_WORK REQUIRED_.
Provide the data again exactly, including every line that follows.

_RECORDS SUPPLIED_.
---
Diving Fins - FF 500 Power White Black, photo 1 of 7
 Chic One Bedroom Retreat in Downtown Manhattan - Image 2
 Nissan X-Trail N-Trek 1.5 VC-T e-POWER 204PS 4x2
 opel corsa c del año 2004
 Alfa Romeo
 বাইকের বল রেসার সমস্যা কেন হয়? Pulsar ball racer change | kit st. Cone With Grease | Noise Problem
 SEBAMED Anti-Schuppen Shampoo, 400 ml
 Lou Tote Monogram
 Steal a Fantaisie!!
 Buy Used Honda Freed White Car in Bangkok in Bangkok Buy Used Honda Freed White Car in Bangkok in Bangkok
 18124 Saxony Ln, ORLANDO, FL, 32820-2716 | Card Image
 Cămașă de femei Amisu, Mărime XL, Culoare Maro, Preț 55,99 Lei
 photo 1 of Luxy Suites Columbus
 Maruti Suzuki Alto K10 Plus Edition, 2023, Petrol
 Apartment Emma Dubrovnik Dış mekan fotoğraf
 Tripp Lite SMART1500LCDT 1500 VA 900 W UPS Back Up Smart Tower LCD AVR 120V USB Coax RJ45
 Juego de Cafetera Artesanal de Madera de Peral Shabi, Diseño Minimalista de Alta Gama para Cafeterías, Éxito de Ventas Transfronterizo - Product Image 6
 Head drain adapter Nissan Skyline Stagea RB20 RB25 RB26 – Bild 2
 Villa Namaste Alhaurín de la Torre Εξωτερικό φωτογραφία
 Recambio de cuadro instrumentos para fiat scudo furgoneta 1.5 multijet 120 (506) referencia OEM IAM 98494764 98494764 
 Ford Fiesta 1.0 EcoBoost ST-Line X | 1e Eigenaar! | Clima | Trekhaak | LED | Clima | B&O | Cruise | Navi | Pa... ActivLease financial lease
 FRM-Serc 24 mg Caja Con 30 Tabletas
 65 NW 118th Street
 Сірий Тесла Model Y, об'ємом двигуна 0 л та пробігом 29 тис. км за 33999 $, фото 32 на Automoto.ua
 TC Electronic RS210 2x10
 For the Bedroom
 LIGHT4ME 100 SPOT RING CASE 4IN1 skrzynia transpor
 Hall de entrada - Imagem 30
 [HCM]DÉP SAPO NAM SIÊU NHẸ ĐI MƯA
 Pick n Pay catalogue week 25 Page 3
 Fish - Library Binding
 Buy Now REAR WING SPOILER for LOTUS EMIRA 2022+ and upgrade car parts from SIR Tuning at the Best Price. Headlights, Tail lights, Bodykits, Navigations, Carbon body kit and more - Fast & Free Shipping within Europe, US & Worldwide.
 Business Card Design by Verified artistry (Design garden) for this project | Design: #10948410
---
_FINAL ANSWER_.
Diving Fins - FF 500 Power White Black, photo 1 of 7
 Chic One Bedroom Retreat in Downtown Manhattan - Image 2
 Nissan X-Trail N-Trek 1.5 VC-T e-POWER 204PS 4x2
 opel corsa c del año 2004
 Alfa Romeo
 বাইকের বল রেসার সমস্যা কেন হয়? Pulsar ball racer change | kit st. Cone With Grease | Noise Problem
 SEBAMED Anti-Schuppen Shampoo, 400 ml
 Lou Tote Monogram
 Steal a Fantaisie!!
 Buy Used Honda Freed White Car in Bangkok in Bangkok Buy Used Honda Freed White Car in Bangkok in Bangkok
 18124 Saxony Ln, ORLANDO, FL, 32820-2716 | Card Image
 Cămașă de femei Amisu, Mărime XL, Culoare Maro, Preț 55,99 Lei
 photo 1 of Luxy Suites Columbus
 Maruti Suzuki Alto K10 Plus Edition, 2023, Petrol
 Apartment Emma Dubrovnik Dış mekan fotoğraf
 Tripp Lite SMART1500LCDT 1500 VA 900 W UPS Back Up Smart Tower LCD AVR 120V USB Coax RJ45
 Juego de Cafetera Artesanal de Madera de Peral Shabi, Diseño Minimalista de Alta Gama para Cafeterías, Éxito de Ventas Transfronterizo - Product Image 6
 Head drain adapter Nissan Skyline Stagea RB20 RB25 RB26 – Bild 2
 Villa Namaste Alhaurín de la Torre Εξωτερικό φωτογραφία
 Recambio de cuadro instrumentos para fiat scudo furgoneta 1.5 multijet 120 (506) referencia OEM IAM 98494764 98494764 
 Ford Fiesta 1.0 EcoBoost ST-Line X | 1e Eigenaar! | Clima | Trekhaak | LED | Clima | B&O | Cruise | Navi | Pa... ActivLease financial lease
 FRM-Serc 24 mg Caja Con 30 Tabletas
 65 NW 118th Street
 Сірий Тесла Model Y, об'ємом двигуна 0 л та пробігом 29 тис. км за 33999 $, фото 32 на Automoto.ua
 TC Electronic RS210 2x10
 For the Bedroom
 LIGHT4ME 100 SPOT RING CASE 4IN1 skrzynia transpor
 Hall de entrada - Imagem 30
 [HCM]DÉP SAPO NAM SIÊU NHẸ ĐI MƯA
 Pick n Pay catalogue week 25 Page 3
 Fish - Library Binding
 Buy Now REAR WING SPOILER for LOTUS EMIRA 2022+ and upgrade car parts from SIR Tuning at the Best Price. Headlights, Tail lights, Bodykits, Navigations, Carbon body kit and more - Fast & Free Shipping within Europe, US & Worldwide.
 Business Card Design by Verified artistry (Design garden) for this project | Design: #10948410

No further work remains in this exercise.